The
Moving Image
University of Minnesota Press
www.upress.umn.ed
ISBN 0-8166-3988-4
Reviewed by Michael R. (Mike) Mosher
mosher@svsu.edu, Saginaw Valley State
University, University Center MI 48710
USA.
The Moving Image is the the journal
of the Association of Moving Image Archivists
<www.amianet.org>, published twice
each year, in Spring and Fall. This group
is devoted to film, television, video
and digital image preservation.
This safekeeping of visual history centers
on cinematic preservation and restoration.

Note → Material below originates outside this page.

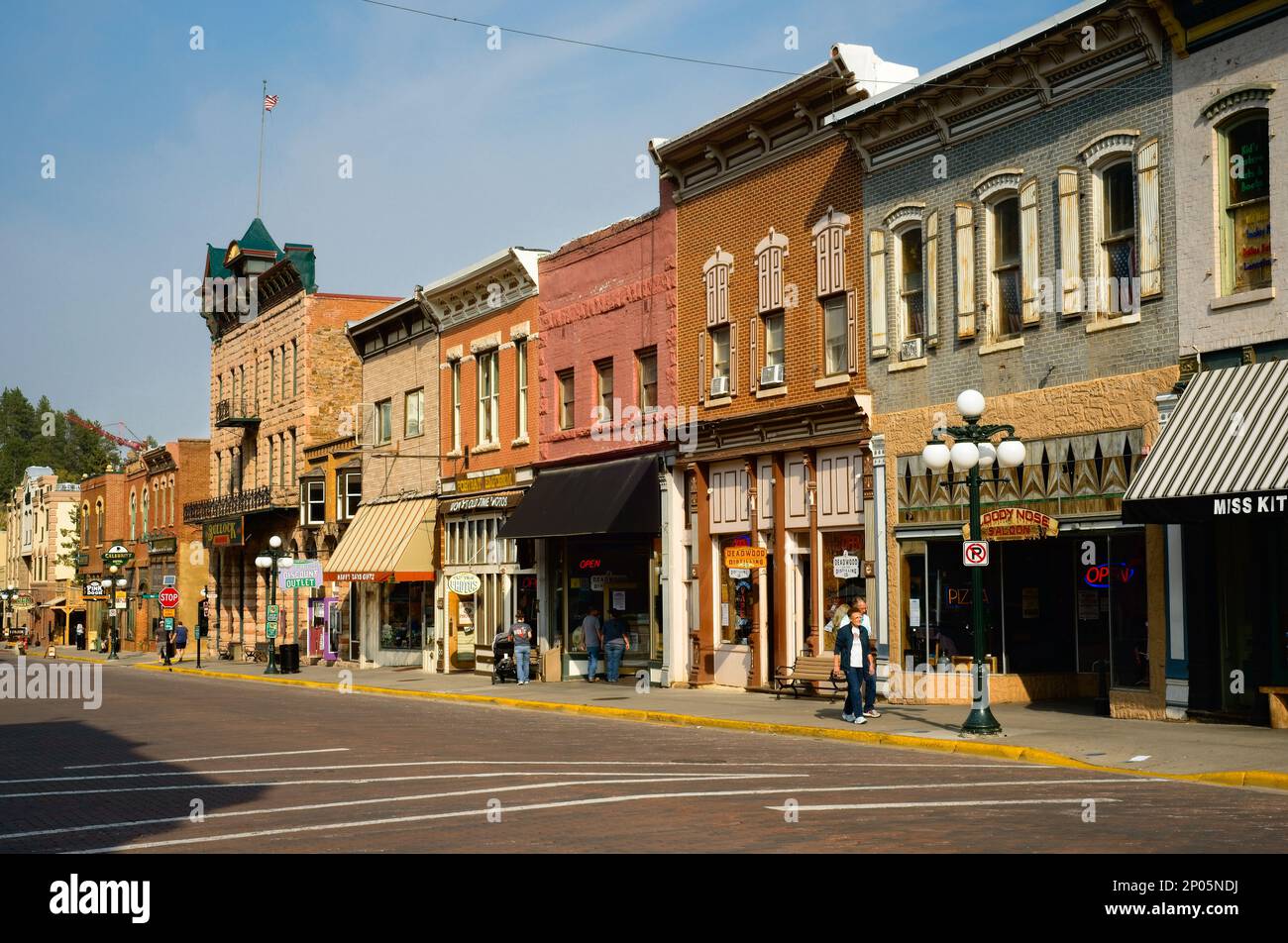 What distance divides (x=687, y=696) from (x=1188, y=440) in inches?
479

The latter process is often more ambitious,
in that it entails seeking lost parts
of movies that have been excised from
the print or prints at hand. Stories of
various archives around the world contacted
towards this end reads like an international
detective story.
The Spring 2003 issue contains "Documenting
the Process of Film Preservation"
by Karen F. Gracy. She discusses the multiple
steps in the preservation process, from
selecting and inspecting a film, procuring
funds for the work, obtaining and cataloguing
new elements sending it to the lab, and
providing access and exhibition to scholars
and enthusiasts. Her methodical and diagrammatic
essay is a chapter from her thesis, which
promises to be a helpful work in this
area.
Jennie Saxena writes on "Preserving
African American Cinema: The Emperor Jones
(1933)", an important work that the
author claims we know only in a diministhed
form. This movie made an impression on
this reviewer when viewed in college,
albeit in one of the incomplete, inconsistent
and murky 16 millimeter prints that were
all that was available prior to its recent
restoration.
Other essays recount the sad tale of the
Library of Congress' neglect of the Mary
Pickford collection, the ways fragmentation
and segmentation of a film was noted in
the archive of the Lumiere Brothers Animated
Views, and the impact of 1920s British
colonial trade policy upon the growth
of the Indian film industry in the time
of the Indian Cinematograph Committee.
There is also an interview with Museum
of Modern Art Film Library archivist Eileen
Bowser. Its reviews include a roundup
of the various projects assembled from
the archives of Shackleton's polar expidition,
a review of a relatively obscure Chris
Marker film, of Ralph Edgertons
book on documentarian Ken Burns, and more.
It has been estimated that only a tenth
of the films of the silent era still exist.
Preservationists and archivists have much,
and continual, work before them. Without
their craft and vigilance, even more of
the worlds filmed visual legacy
will turn to dust--or in some cases, combust.